Causal inference methods to optimize clinical decision-making in treatment initiation based on routinely collected data
You are all invited to an exciting _online_ seminar at Biostats on Monday, October 14 @ 16:30:
NOTE: This will be a zoom meeting: https://ucph-ku.zoom.us/j/8274562019?pwd=ZEJuZkZUY05WNE02YzNWUGhONWoyUT09
Pawel Morzywolek, Department of Statistics at the University of Washington
"Causal inference methods to optimize clinical decision-making in treatment initiation based on routinely collected data"

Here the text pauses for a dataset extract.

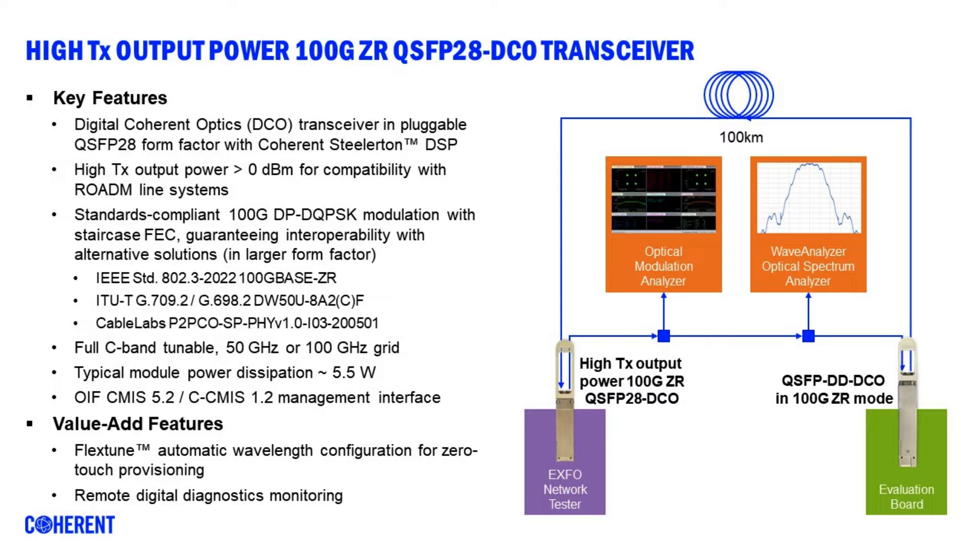It's fully standards compliant and will be interoperable with other transceivers, and the typical power dissipation of the module is five and a half watts, which ensures that it can be plugged into basically any equipment that has a QSFP28 port.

Renal replacement therapy (RRT) is a treatment commonly used for managing critically ill patients with severe acute kidney injury (AKI), particularly those experiencing metabolic or fluid-related complications. RRT may rapidly correct some of the life-threatening issues associated with AKI, such as fluid overload. However, it is a very invasive treatment and may therefore be harmful to some patients. The timing of RRT initiation in critically ill patients with AKI remains a long-standing dilemma for nephrologists. Multiple randomized trials have attempted to address this question, but they compare only a limited number of treatment initiation strategies. In light of this, we use routinely collected observational data from the Ghent University Hospital intensive care units to investigate treatment strategies for starting RRT in critically ill AKI patients. We develop a methodology for identifying the optimal treatment initiation strategy from several pre-specified options in the presence of competing risks. We then apply it to evaluate a total of 81 RRT initiation strategies, expressed in terms of serum potassium, pH, and urine output, allowing us to identify the optimal thresholds for these criteria. Furthermore, we develop a unified framework of weighted Neyman-orthogonal learners for estimating heterogeneous treatment effects to support clinical decision-making regarding treatment initiation.